(Short web captions)
+---+

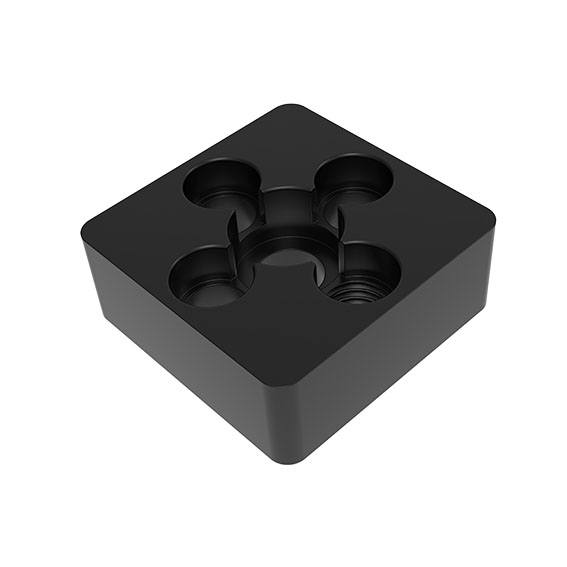Transport- und Fußplatte 40x40 ZN, seitlich M10 schwarz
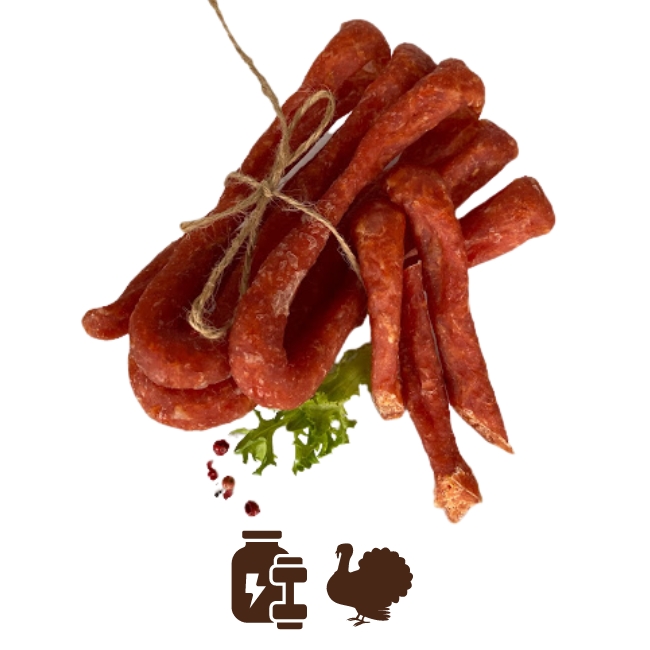 Колбаса тонкая из филе индейки (весовая) сыровяленая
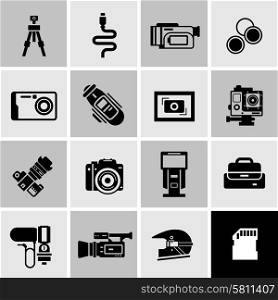 Camera icons black set with digital photo technique and equipment isolated vector illustration. Camera Icons Black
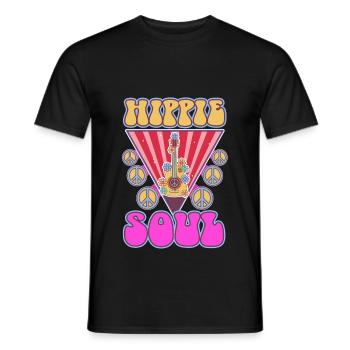 Âme hippie - T-shirt homme - noir - Devant - AI Model Male 178 light (178cm)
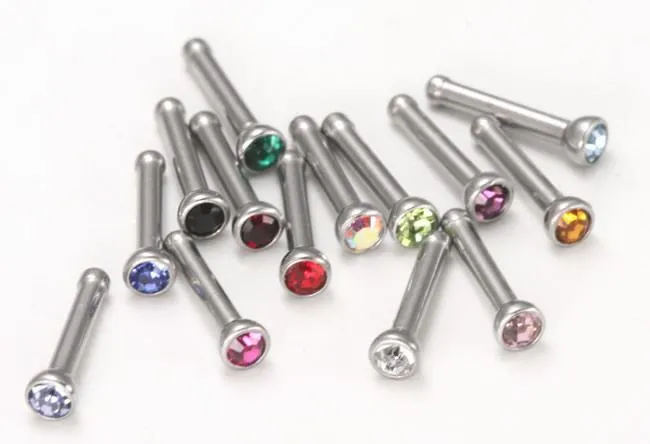 Painful Pleasures Anal 18g Bezel Set Jeweled Nose Bone 5mm Jewelry Martini Glass Style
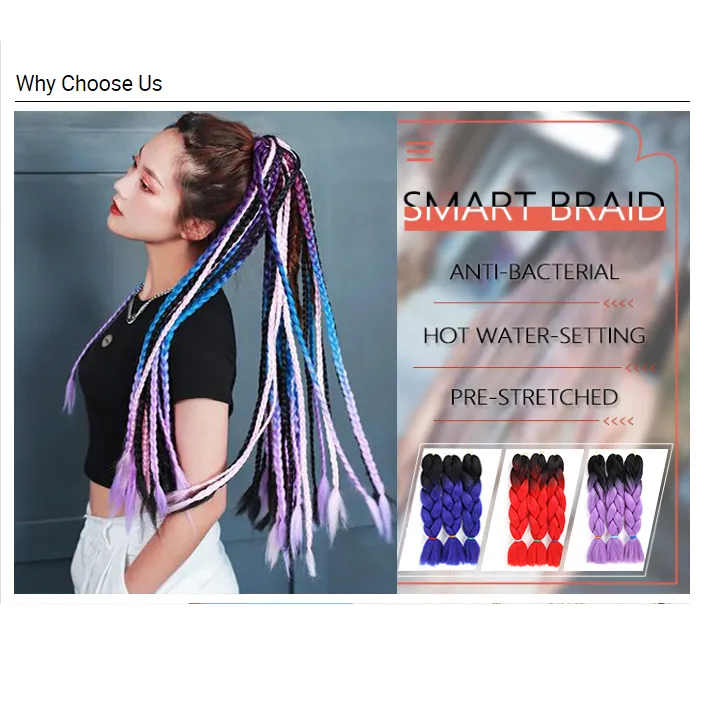 Synthetic Hair Yaki Ombre Braiding Pre Stretched Expression Wholesale Jumbo Hair Braid Crochet Braids For African Hair Extension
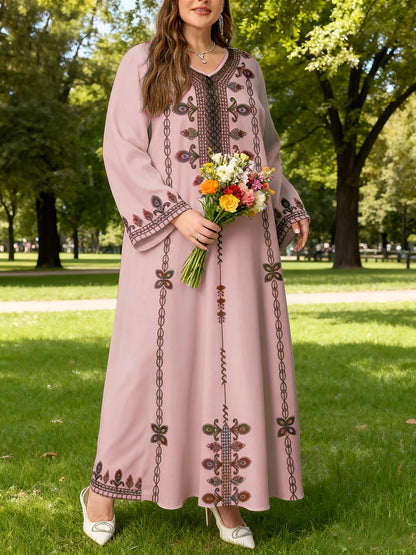 Middle Eastern Robe Plus-Size Long-Sleeve Dress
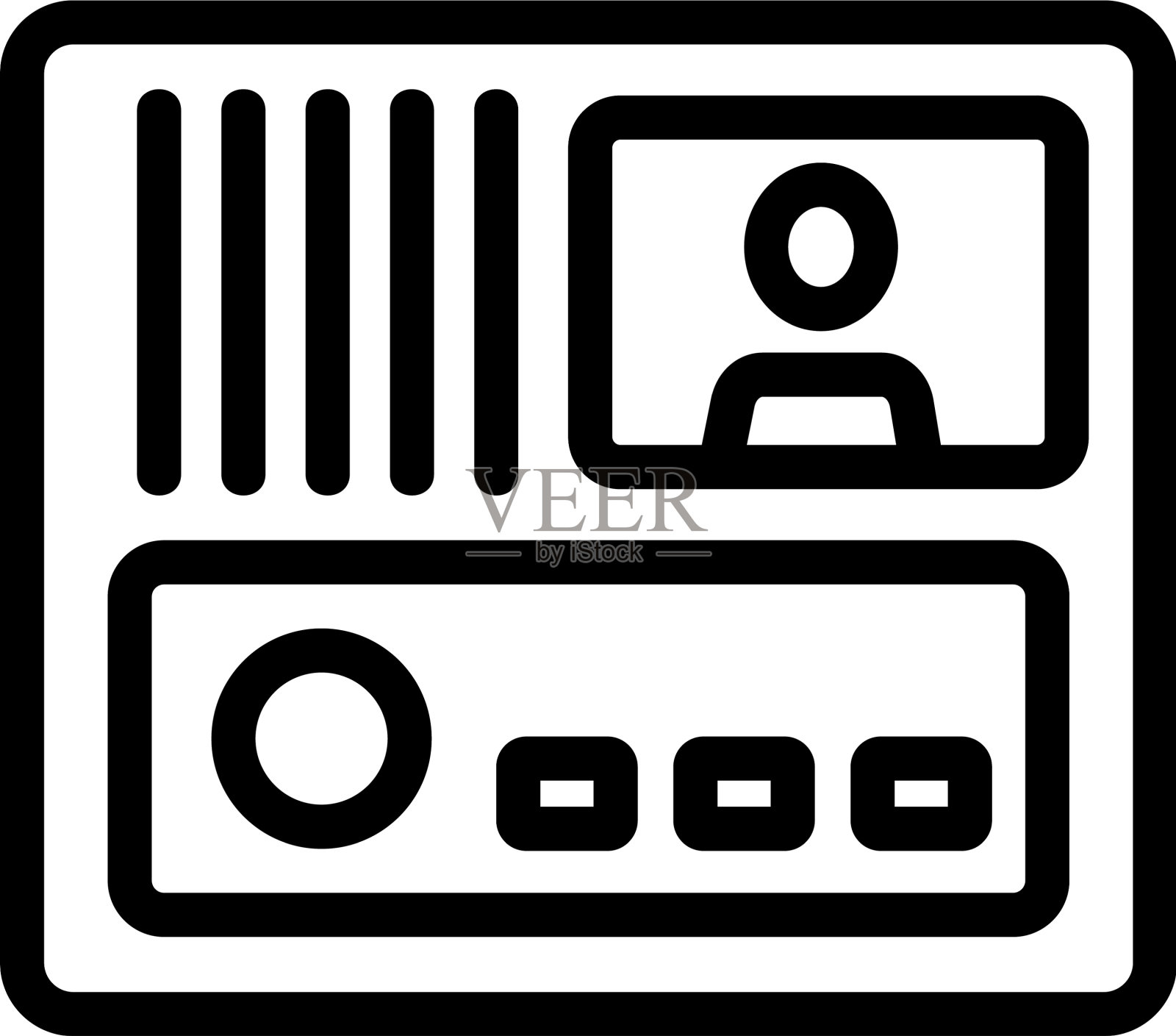 对讲安全系统图标大纲图标素材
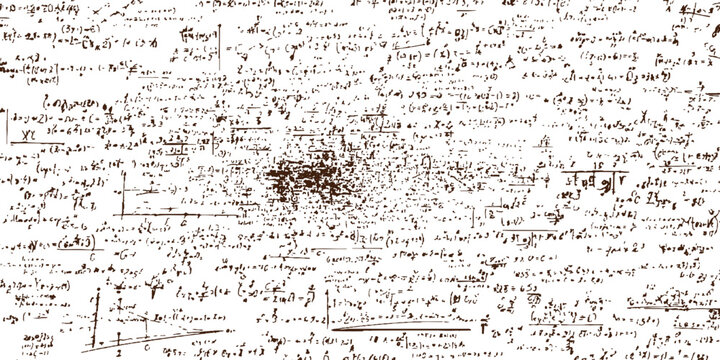 Seamless handwritten mathematical formulas, physics equations, and science notes on a distressed background vector illustration.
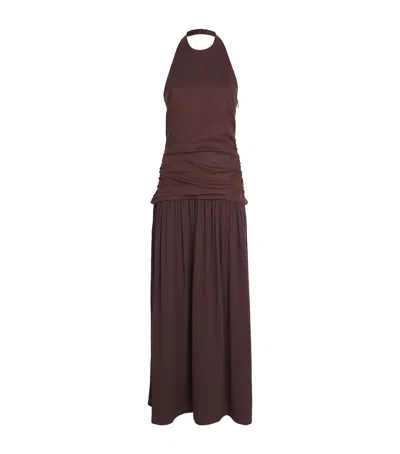 Faithfull The Brand Halterneck Tali Maxi Dress In Brown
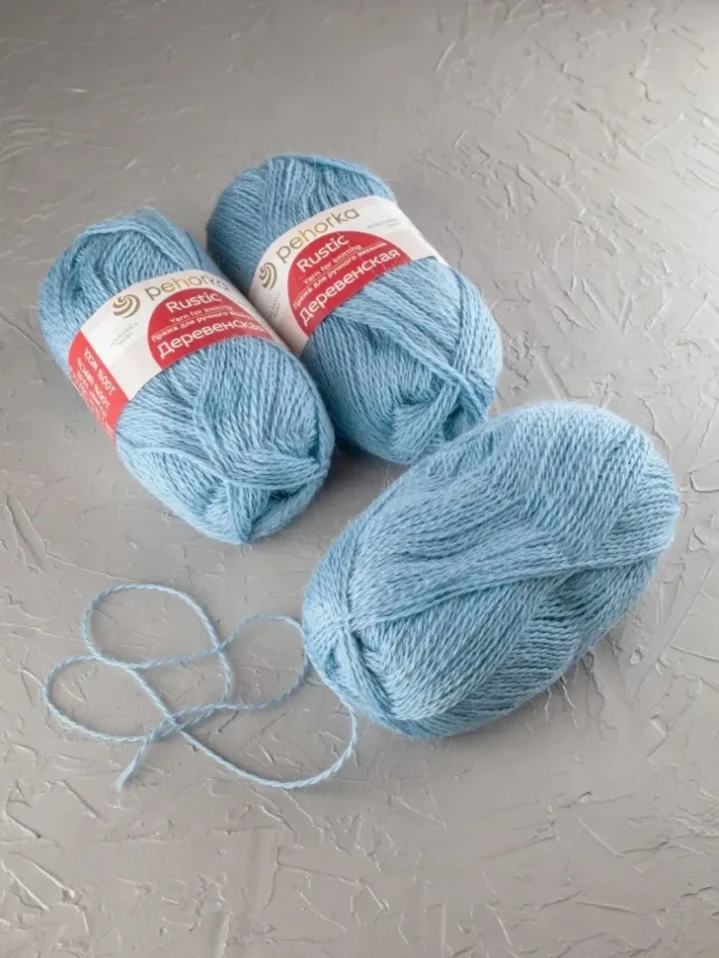 Пряжа Пехорка «Деревенская» - (177 - Голубое небо)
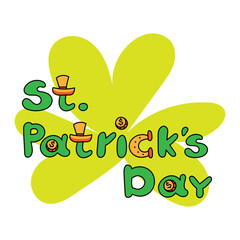Color vector doodle lettering st patrick's day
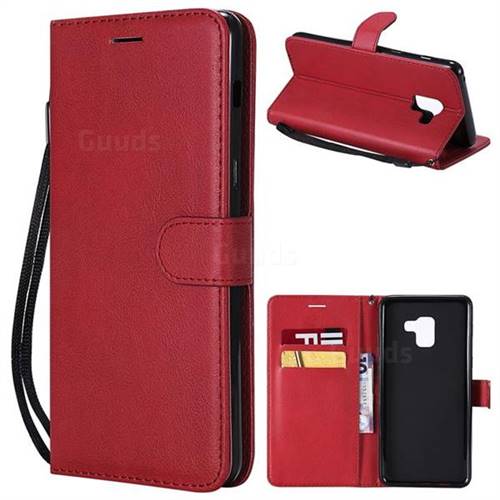 Retro Greek Classic Smooth PU Leather Wallet Phone Case for Samsung Galaxy A8+ (2018) - Red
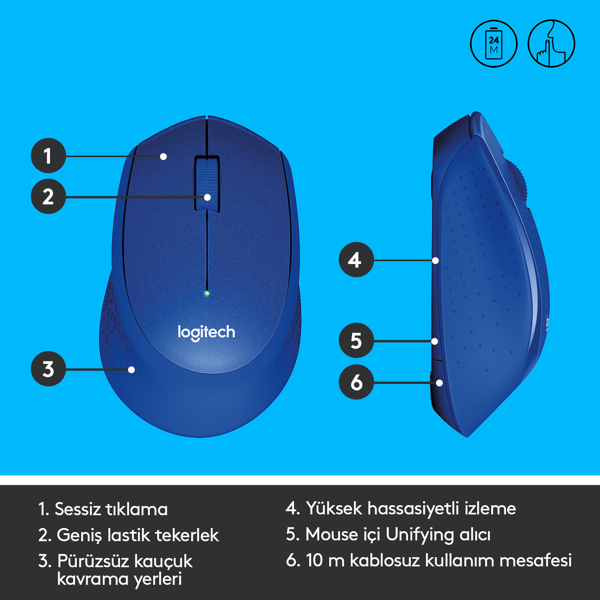 Logitech M330 SILENT PLUS - Mus - 910-004910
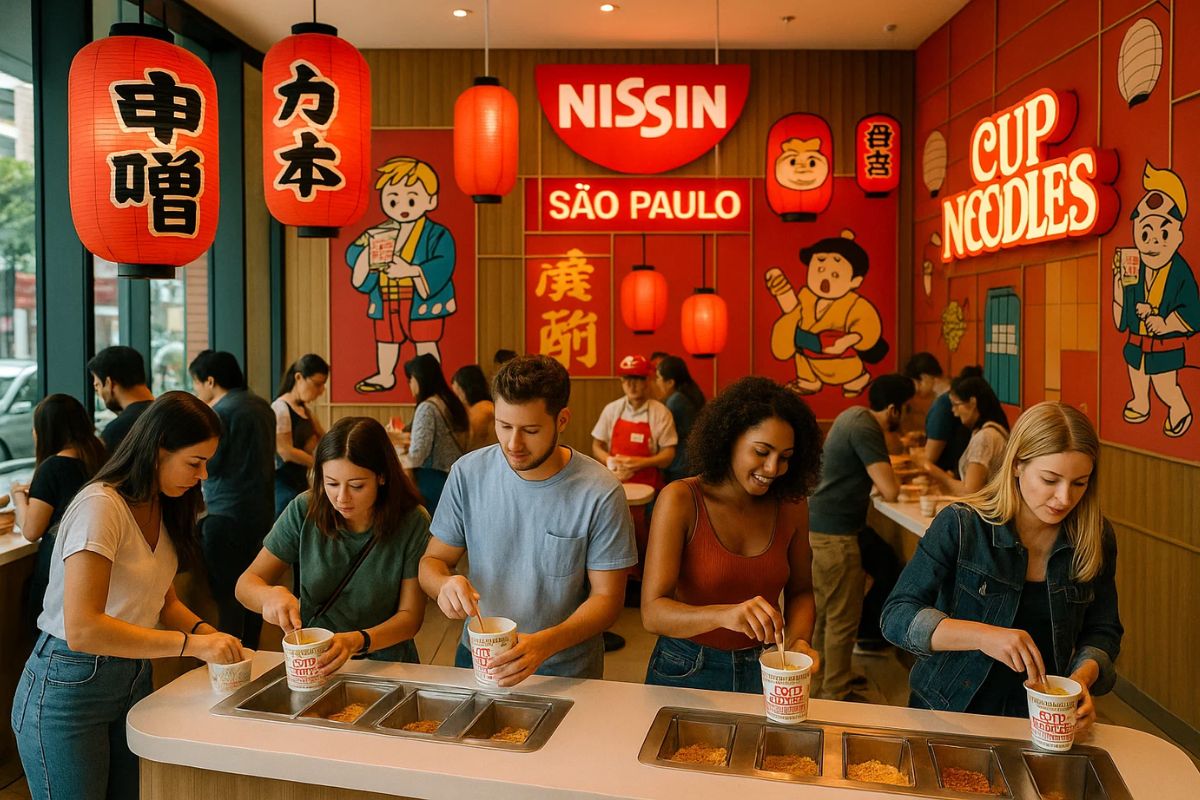 Pessoas dentro da miojolândia da Nissin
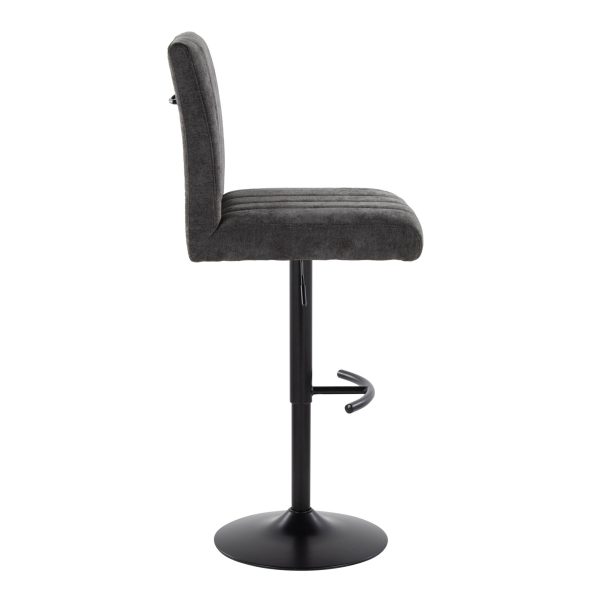 Hank Black Metal Adjustable Contemporary Barstool Set of 2 4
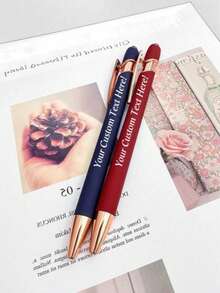 1-50pcs Customized Text/Logo Personalized Luxury Soft Touch Rose Gold Refined Custom Ballpoint Pen, Rubber Stylus Capacitive Ballpoint Pen, Ideal Gift For Children, Students, Teachers, Family And Friends - Black - View 7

+---+

* [What the exercise asks]: Output exactly the lines above that lie between the line with "对讲安全系统图标大纲图标素材" and the line with "Pessoas dentro da miojolândia da Nissin", those two lines included, and no pictures.

* [Answer for this exercise]:
 对讲安全系统图标大纲图标素材
 Seamless handwritten mathematical formulas, physics equations, and science notes on a distressed background vector illustration.
 Faithfull The Brand Halterneck Tali Maxi Dress In Brown
 Пряжа Пехорка «Деревенская» - (177 - Голубое небо)
Color vector doodle lettering st patrick's day
 Retro Greek Classic Smooth PU Leather Wallet Phone Case for Samsung Galaxy A8+ (2018) - Red
 Logitech M330 SILENT PLUS - Mus - 910-004910
 Pessoas dentro da miojolândia da Nissin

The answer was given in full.